» **Your goal**
The expected answer is the set of lines in the data below between the line holding "Plastové pevné pletivo na balkon 100155 cm" and the line holding "186 Wigwoss Drive, Vaughan, ON L4L 4H2", inclusive, written out exactly.

» **Excerpted records**
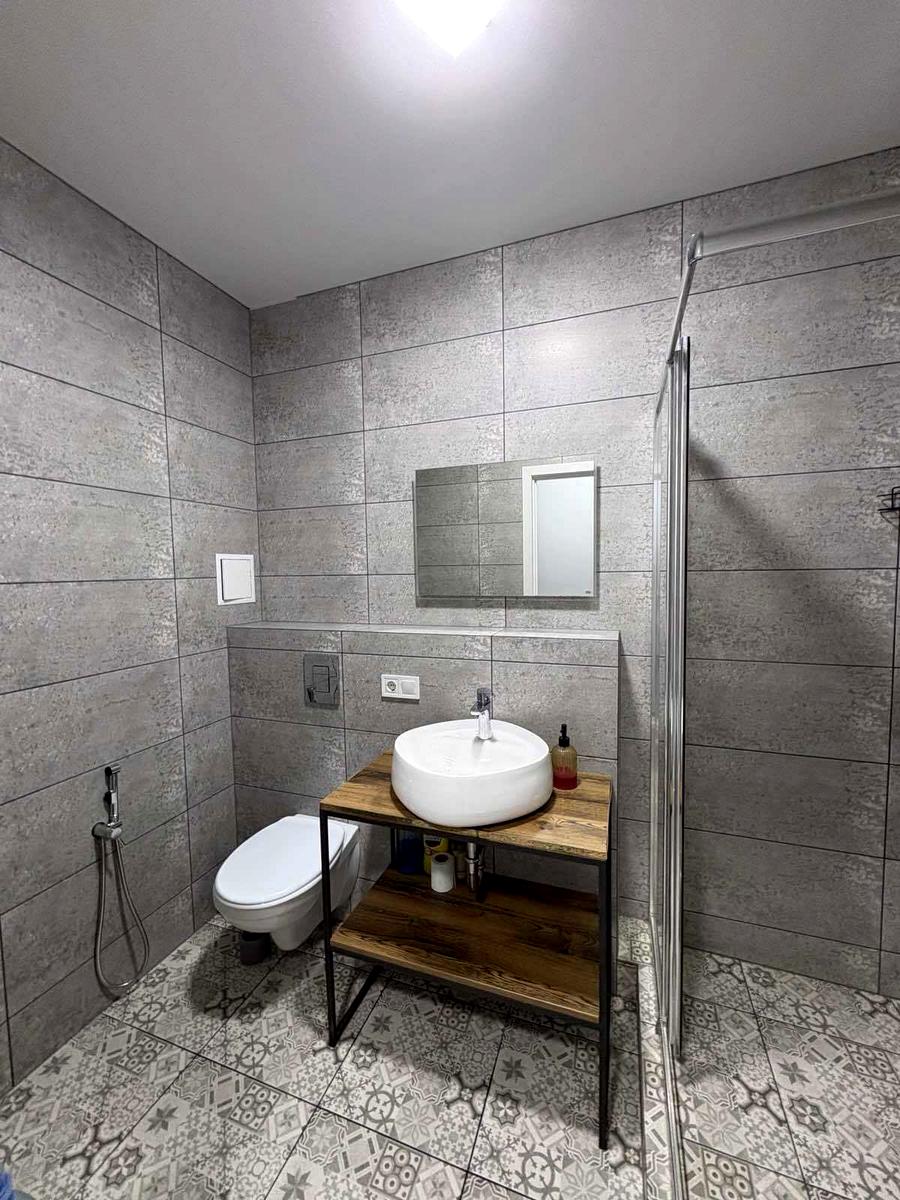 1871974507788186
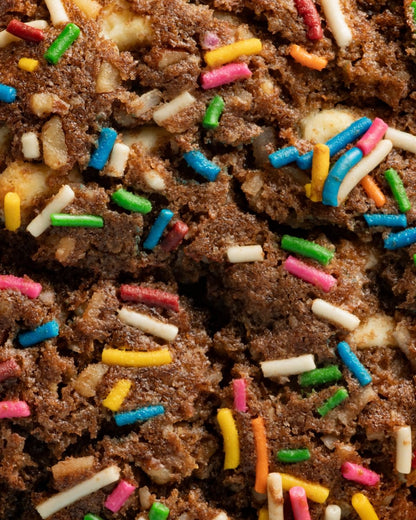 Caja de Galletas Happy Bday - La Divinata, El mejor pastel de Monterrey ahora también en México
--
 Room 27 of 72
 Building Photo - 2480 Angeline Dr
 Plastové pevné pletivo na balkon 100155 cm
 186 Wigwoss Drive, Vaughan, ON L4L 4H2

» **Output**
 Plastové pevné pletivo na balkon 100155 cm
 186 Wigwoss Drive, Vaughan, ON L4L 4H2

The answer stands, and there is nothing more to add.